=== Section Start ===

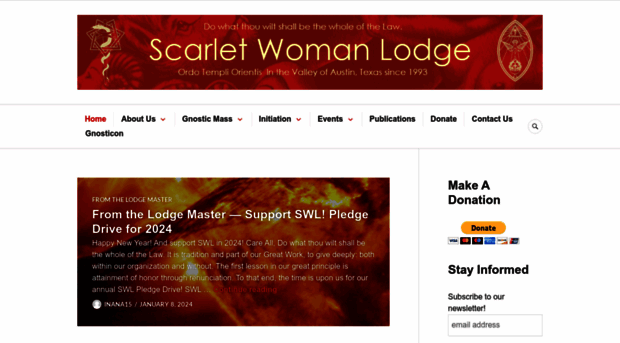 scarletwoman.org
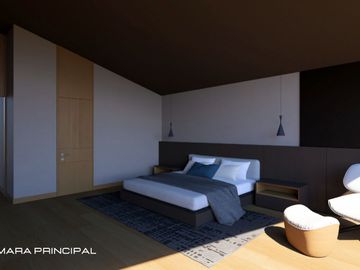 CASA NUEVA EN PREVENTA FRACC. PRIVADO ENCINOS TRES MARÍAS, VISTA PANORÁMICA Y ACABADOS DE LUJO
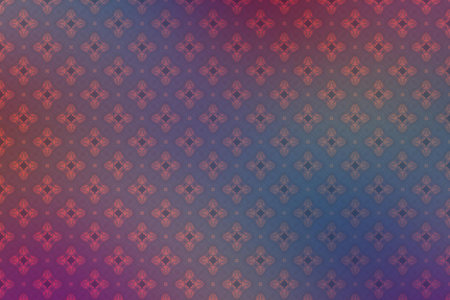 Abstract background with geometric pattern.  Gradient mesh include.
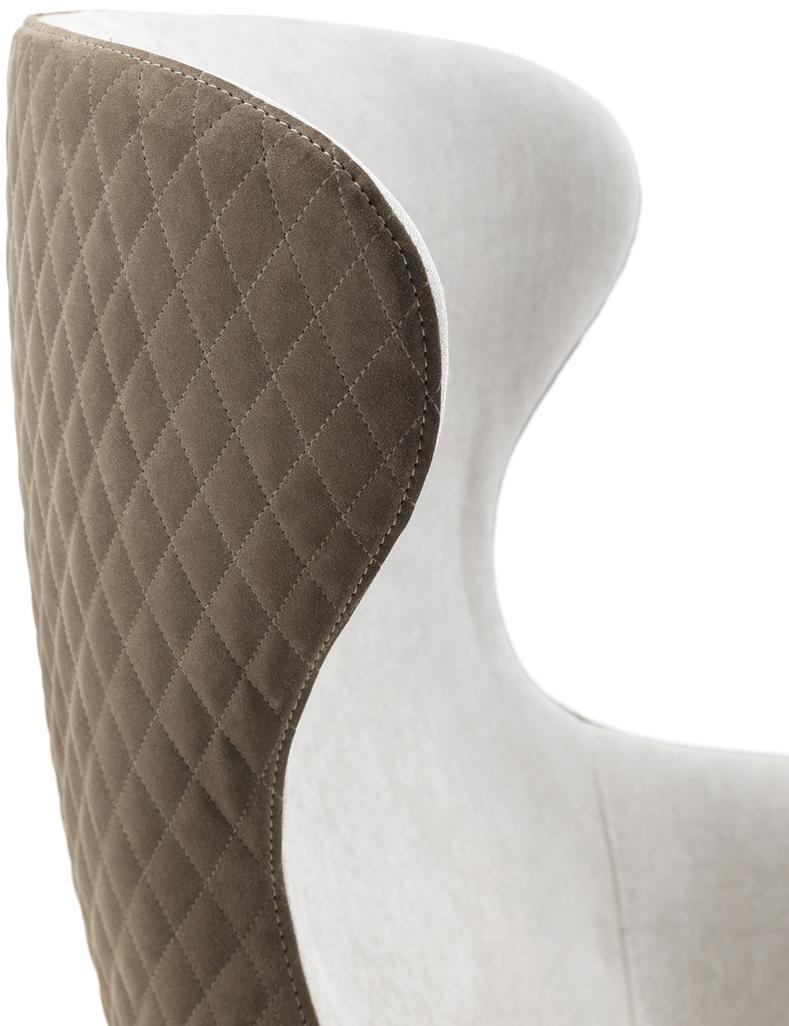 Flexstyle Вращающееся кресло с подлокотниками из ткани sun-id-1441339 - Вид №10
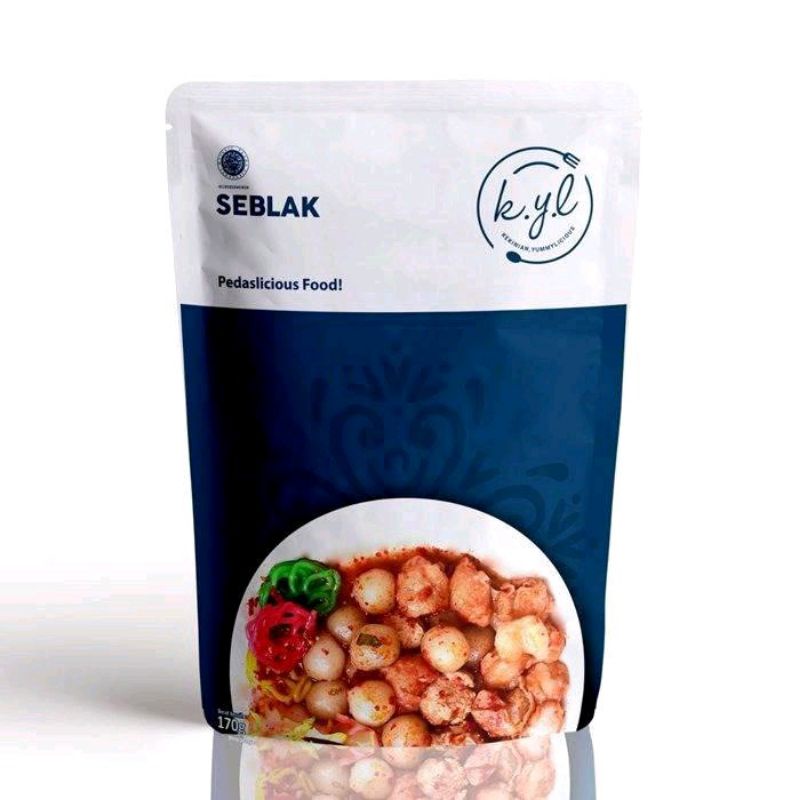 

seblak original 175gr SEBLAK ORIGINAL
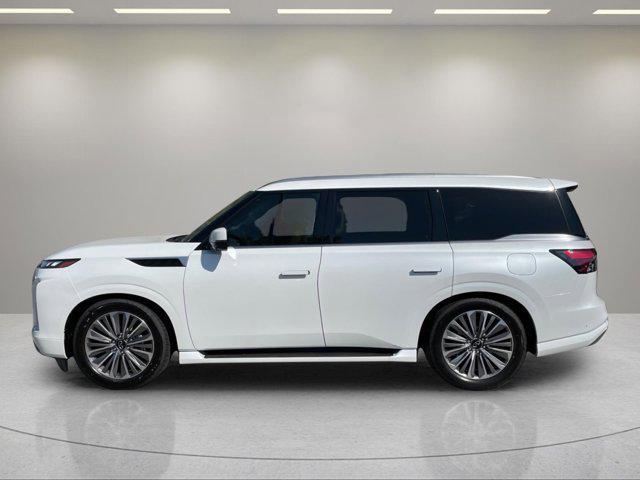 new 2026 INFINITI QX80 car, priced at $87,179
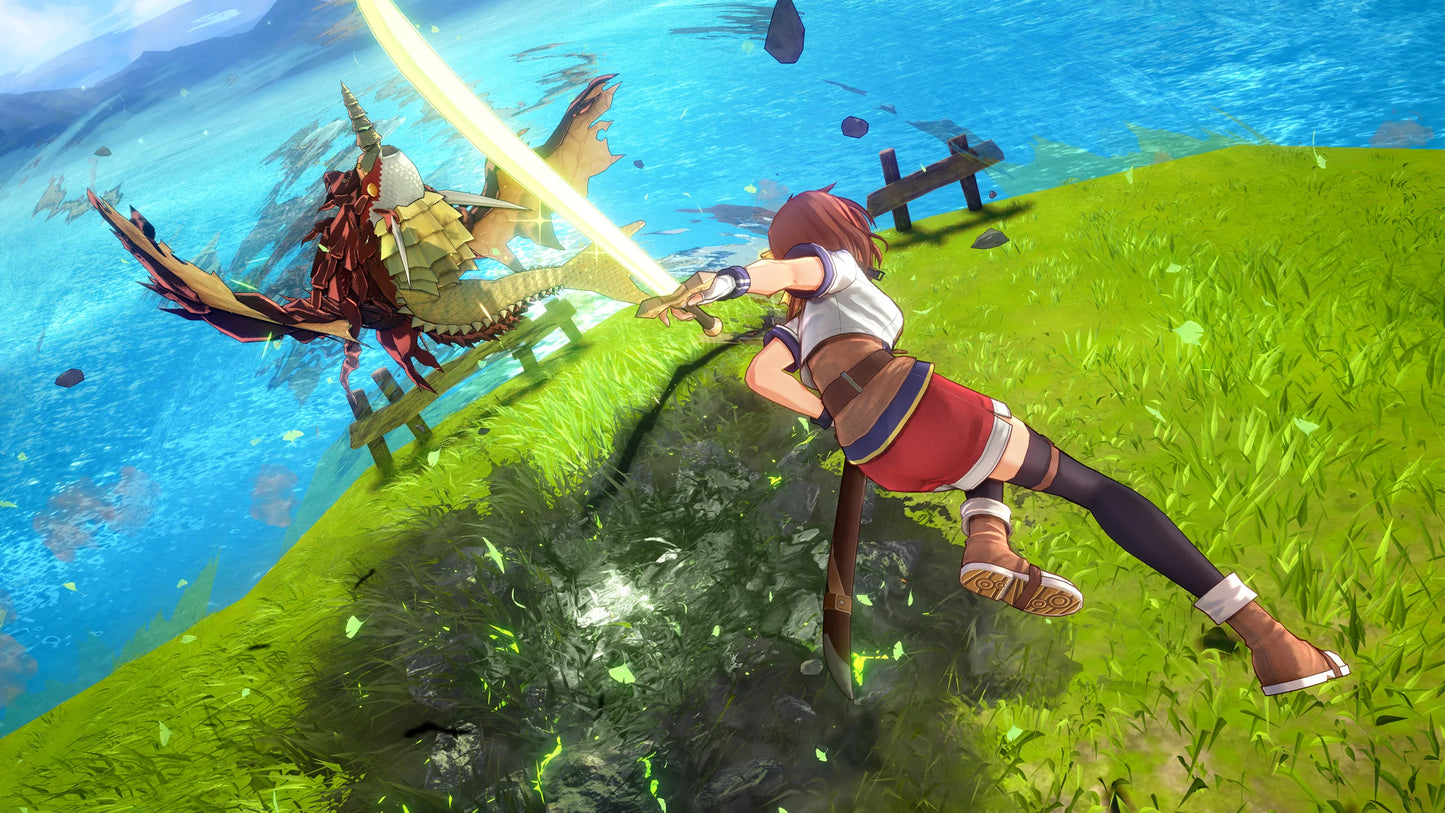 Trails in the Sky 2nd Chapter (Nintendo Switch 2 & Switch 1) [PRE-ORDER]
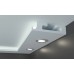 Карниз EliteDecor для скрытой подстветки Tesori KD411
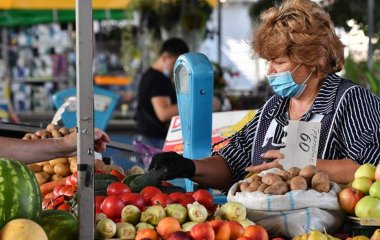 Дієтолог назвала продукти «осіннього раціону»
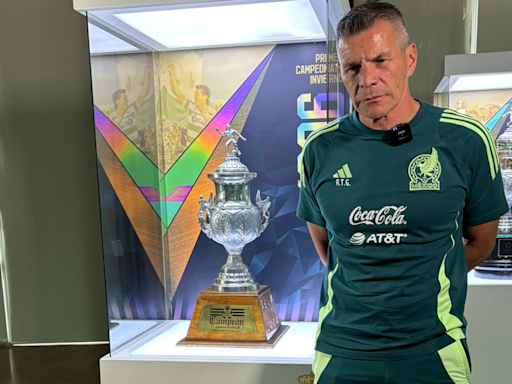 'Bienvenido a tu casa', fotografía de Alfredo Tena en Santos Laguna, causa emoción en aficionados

=== Section End ===

From the line containing "CASA NUEVA EN" through the final line of the records, write out each line exactly, and include no pictures.

 CASA NUEVA EN PREVENTA FRACC. PRIVADO ENCINOS TRES MARÍAS, VISTA PANORÁMICA Y ACABADOS DE LUJO
 Abstract background with geometric pattern.  Gradient mesh include.
 Flexstyle Вращающееся кресло с подлокотниками из ткани sun-id-1441339 - Вид №10

seblak original 175gr SEBLAK ORIGINAL
 new 2026 INFINITI QX80 car, priced at $87,179
 Trails in the Sky 2nd Chapter (Nintendo Switch 2 & Switch 1) [PRE-ORDER]
 Карниз EliteDecor для скрытой подстветки Tesori KD411
 Дієтолог назвала продукти «осіннього раціону»
 'Bienvenido a tu casa', fotografía de Alfredo Tena en Santos Laguna, causa emoción en aficionados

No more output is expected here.